You are viewing a plain text version of this content. The canonical link for it is here.

Posted to dev@cassandra.apache.org by Morten Vejen Nielsen <mv...@gmail.com> on 2018/12/20 10:06:53 UTC

CommitLog Recovery replay stop on first timestamp after restore-point-in-time

Hi,

(Moved from user mailing list to here)

I have found a statement in the Datastax documentation regarding CommitLog
recovery that concerns me, namely:

"*Restore stops when the first client-supplied timestamp is greater than
the restore point timestamp. Because the order in which the database
receives mutations does not strictly follow the timestamp order, this can
leave some mutations unrecovered.*"

From:
https://docs.datastax.com/en/cassandra/3.0/cassandra/configuration/configLogArchive.html
Which to me means that point in time restore really doesn't guarantee point
in time replay for the configured time. Since we expect to have mutations
out of order in our setup.

I conducted a few experiments on this myself by forcing my Cassandra
instance to do CommitLog replay with changes ahead in time. But I was not
able to reproduce this behavior.
I used a fresh instance taken from the official Cassandra docker image to
run the tests, so no changes to any configs was done other than setting the
restore_point_in_time as specified below.
I did the experiment as follows:

--edit /etc/cassandra/commitlog_archiving.properties, set
*restore_point_in_time* to something in the near future (lets say 2
hours ahead of server-time)

ssh into instance

cqlsh
create keyspace thezoo with replication =
{'class':'SimpleStrategy','replication_factor':1};
use thezoo;
create table animal (id int primary key, name varchar);
insert into animal (id, name) values (1, 'Bear1');insert into animal
(id, name) values (2, 'Bear2');insert into animal (id, name) values
(3, 'Bear3');insert into animal (id, name) values (4, 'Bear4');insert
into animal (id, name) values (5, 'Bear5');insert into animal (id,
name) values (6, 'Bear6');insert into animal (id, name) values (7,
'Bear7');insert into animal (id, name) values (8, 'Bear8');insert into
animal (id, name) values (9, 'Bear9');insert into animal (id, name)
values (10, 'Bear10');
select id,name,writetime(name) from animal;
--Add some to timestamp, and use this as future_timestamp, must be
ahead of what was defined in commitlog config file
insert into animal (id, name) values (11, 'DuckFromFuture') using
timestamp <future_timestamp>
insert into animal (id, name) values (12, 'Bird1');insert into animal
(id, name) values (13, 'Bird2');insert into animal (id, name) values
(14, 'Bird3');insert into animal (id, name) values (15,
'Bird4');insert into animal (id, name) values (16, 'Bird5');insert
into animal (id, name) values (17, 'Bird6');insert into animal (id,
name) values (18, 'Bird7');insert into animal (id, name) values (19,
'Bird8');insert into animal (id, name) values (20, 'Bird9');insert
into animal (id, name) values (21, 'Bird10');

--Now I simply forced the power off the machine held the power button
down. And restarted

--During startup verify that commitlog replay has been done in log

ssh into instance and enter cqlsh

cqlsh:thezoo> select * from animal;

--Which shows all the bears and birds have been replayed but not the duck!
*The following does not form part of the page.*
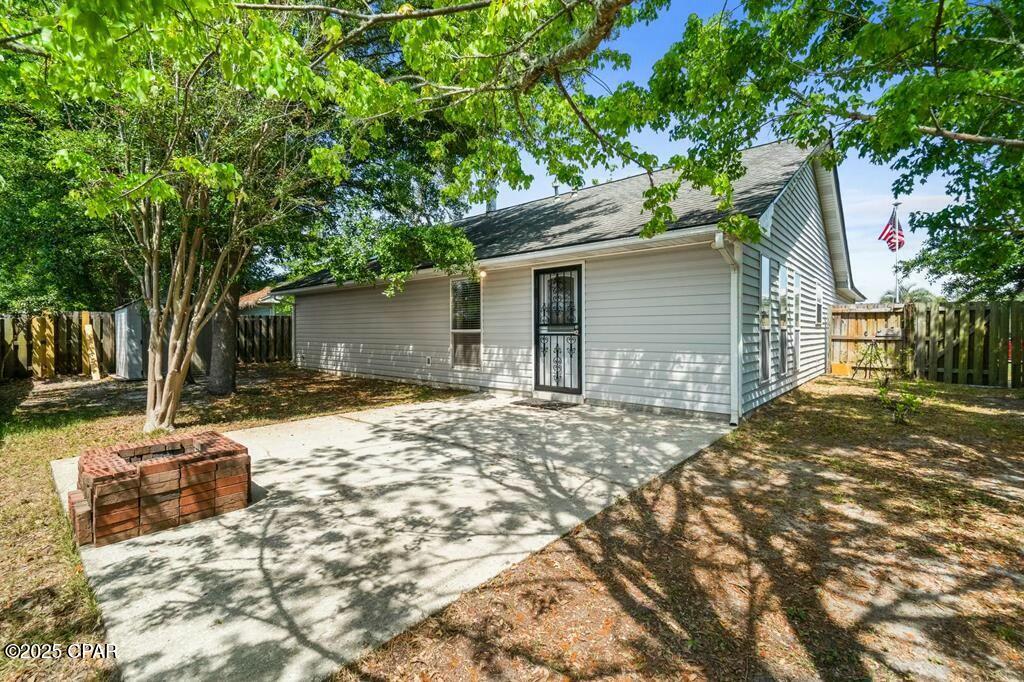 142 Heritage Cir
I also did some digging in the Cassandra source code, and made the
following findings:

I think the code that skips mutations ahead of time is in CommitLogReplayer
class:
See lines: 194-195 (at the time of writing)
if (commitLogReplayer.pointInTimeExceeded(mutation))
       return;
This code is triggerred from CommitLogReader, where readSection seems to be
responsible for reading the commit logs, this is wrapped in a while loop,
that just reads the file until EOF.
See:
 while (statusTracker.shouldContinue() && reader.getFilePointer() < end &&
!reader.isEOF())
This method is called file by file from CommitLog.recover to recover all
commitlog segment files.
And just a note statusTracker.shouldContinue will fail if
statusTracker.requestTermination(); is called but I dont see this being the
case for the pointInTimeExceeded case.

I am a bit concerned if this is some hidden feature in Cassandra, and as
such we might have to revise our backup strategies, if this is the case.
However as far as I can see the Datastax documentation on this is simply
wrong unfortunately the official documentation on this just seems to be
work in progress.
The fact that it doesn't do this is in fact a positive result for me as I
would also expect the point-in-time to guarantee that all mutatations up
until this point-in-time is in fact recovered.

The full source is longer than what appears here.